Innovación es todavía un término progre que queda bien en un discurso, y que la mayoría de los gobernantes confunden con invención. La innovación mejora algo existente para hacerlo más aceptable, asequible o eficiente. Una invención no es necesariamente innovación. La innovación existe cuando la invención se implementa como productos, servicios o procedimientos nuevos o mejorados que encuentren una aplicación exitosa. El diccionario de la RAE lo define así: «Creación o modificación de un producto, y su introducción en un mercado».
Un panel de LED es un invento, se transforma en innovación cuando informa sobre la llegada del bus en la parada, al servicio del ciudadano.
Vamos a la náutica: a ver cómo nos pilla lo de la innovación. El GPS es un invento, pero sincronizado con una carta náutica digital es una innovación (el plotter). Entonces más que inventar se trata de aplicar inventos para que sean de utilidad.

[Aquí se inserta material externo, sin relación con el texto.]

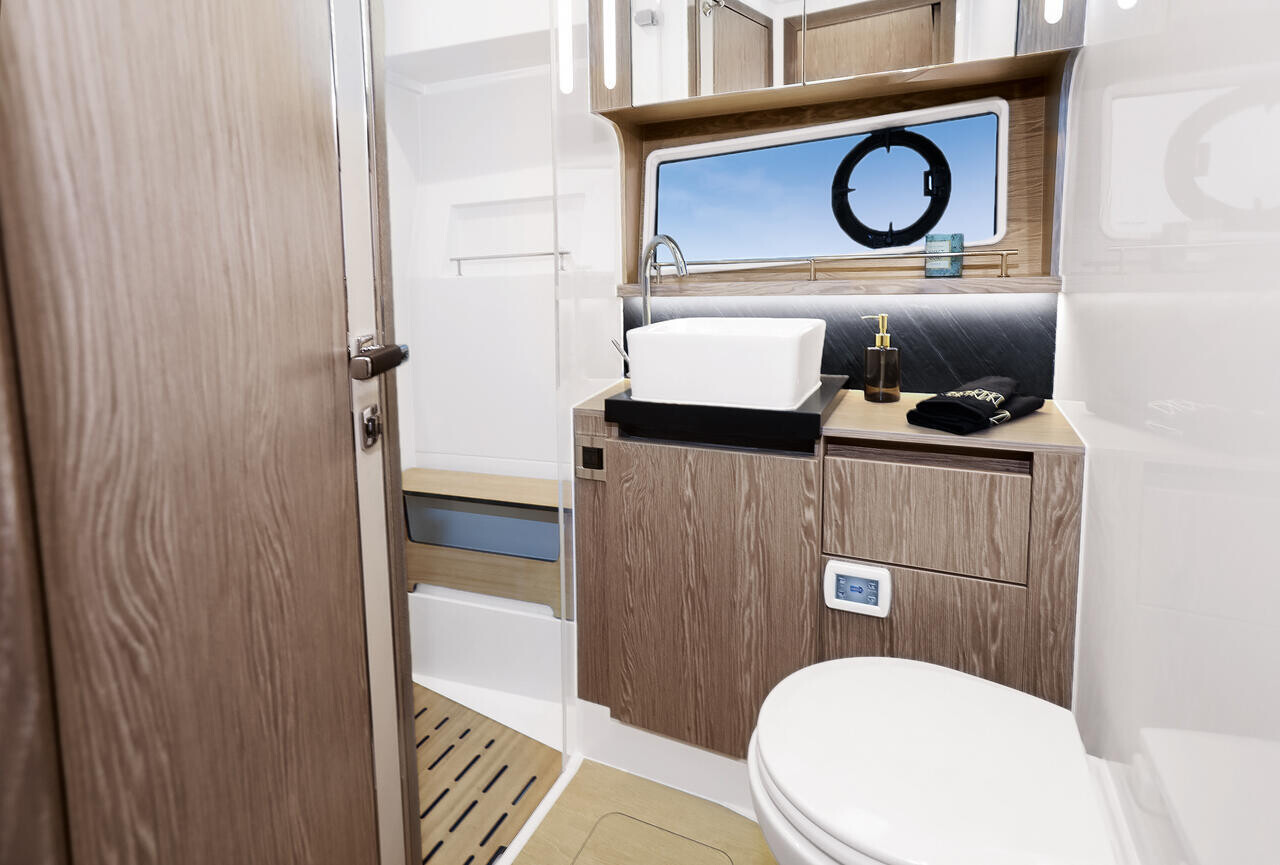 Sealine F430, Grace II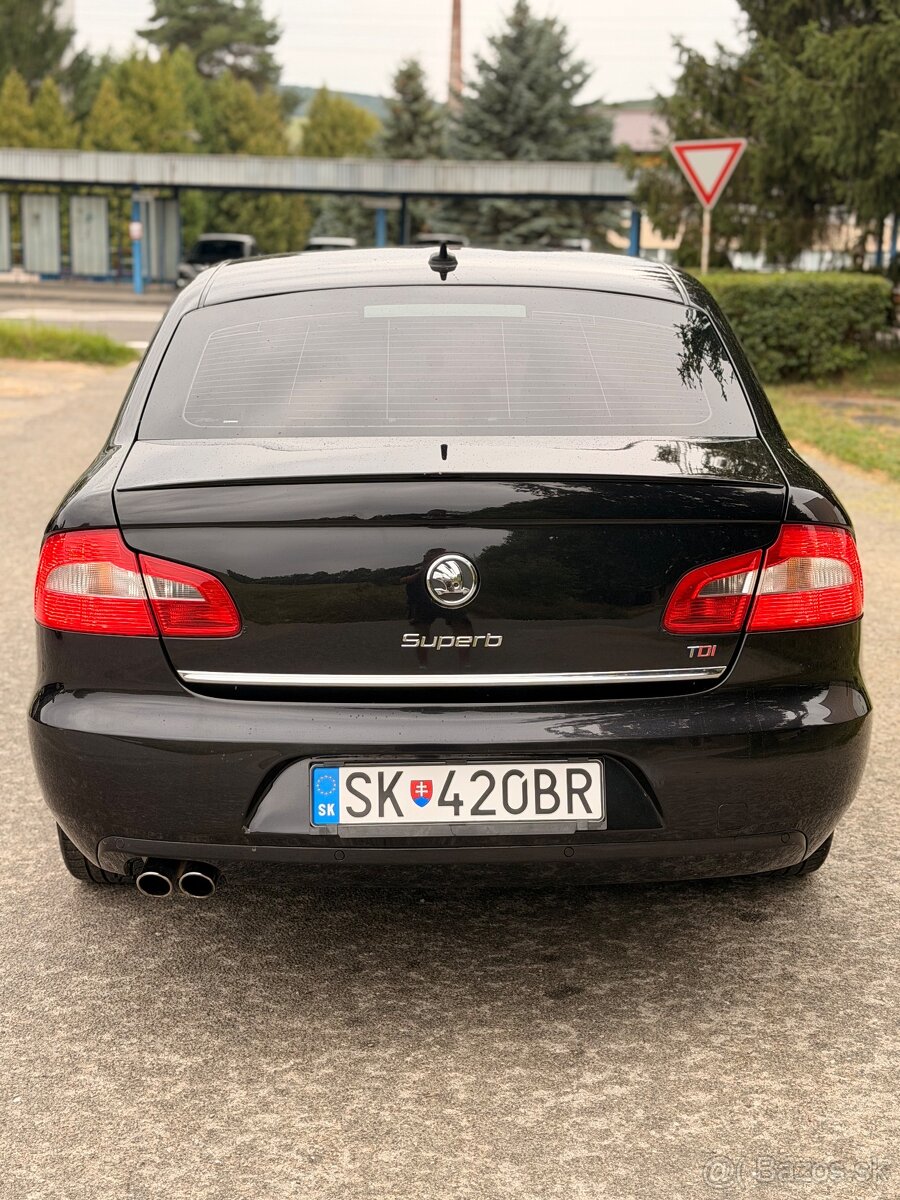 Skoda Superb 2.0 Tdi CR DSG - 3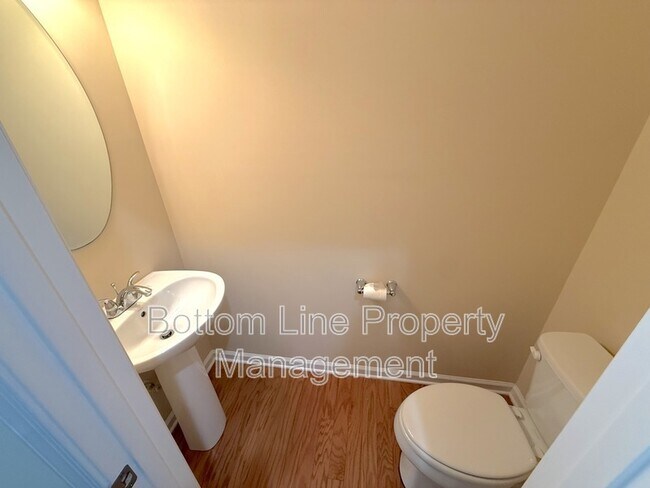 Photo - 2432 Silverthorn Dr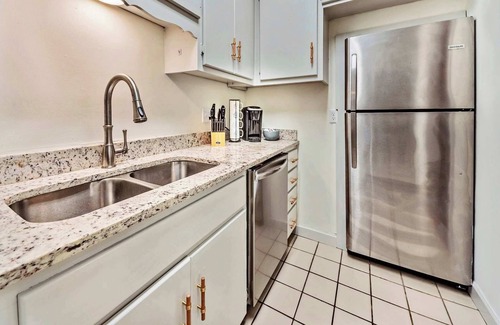 Oxford Condo | The Joshua Tree - Unit B by Apex Short Term Stays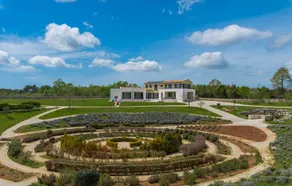 Espléndida villa apta para familias con piscina climatizada y barbacoa - Image 2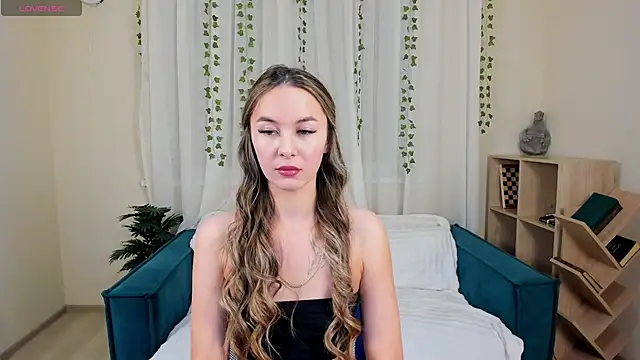 LunaCurly  online show from 12-17-25, 11:49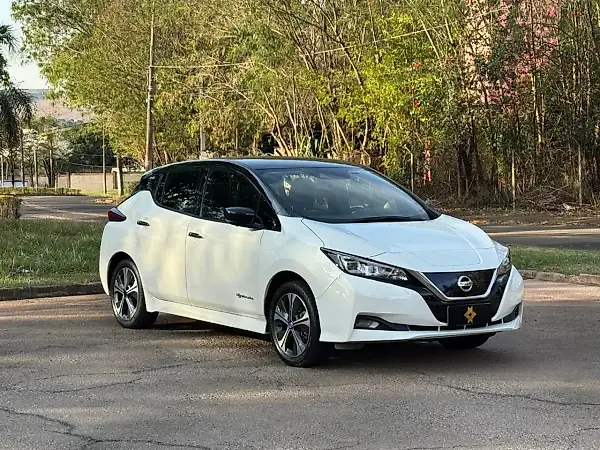 Nissan Leaf - Imagem 1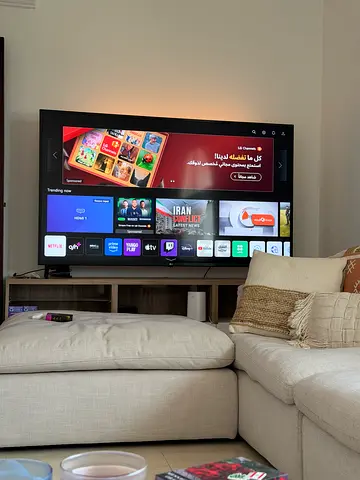 LG 70-Inch 4K UHD Smart TV – Excellent Condition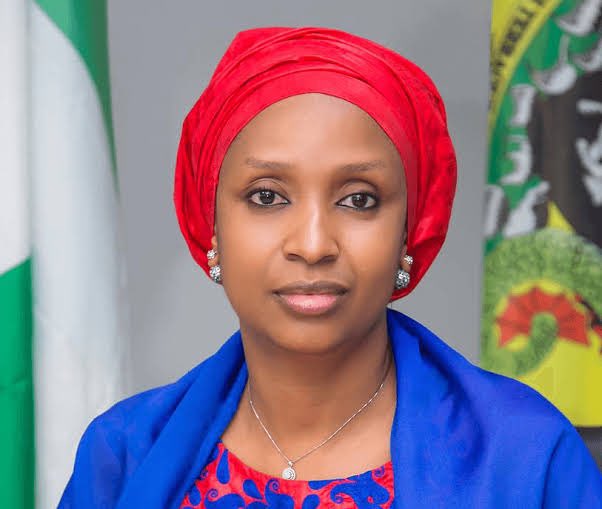 AbiolaOshodi's tweet photo. Happy Birthday @hadizabalausman, illustrious life, illustrious ancestry, breaker of the glass ceiling, Deputy Director General Admin of our great Party, the APC. https://t.co/RJfph7ZWn0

Sin embargo, en esta bendita tierra donde hemos elegido o nos toca residir, el asunto no es tan claro ni se maneja por las sempiternas leyes de la lógica, que parecerían haberse alejado de España demasiado temprano en su joven democracia.
Nuestra fruición por las normativas, defendidas y manipuladas por los gobernantes, hace casi imposible que las innovaciones puedan abrirse paso. En nuestro caso, podemos diseñar un excelente parque de boyas para facilitar el amarre en zonas de posidonia o protegidas, utilizar cabos de última generación como el Spectra, anclas de tierra que no afectan el fondo marino, sistemas de conexión elástica y boyas de volumen medio que produzcan un efecto atenuador y de poca translación (además de ser más resistentes al oleaje). La sola mención de esta posibilidad ya se califica como herejía marítima poniendo los pelos de punta a aquellos que sólo quieren apoyar ideas o acciones con suficiente historial, probadas, reflejadas en artículos técnicos: nones, a ver si sale mal y nos explota en la cara. Son los mismos que se llenan la boca autodefiniéndose como defensores de la innovación.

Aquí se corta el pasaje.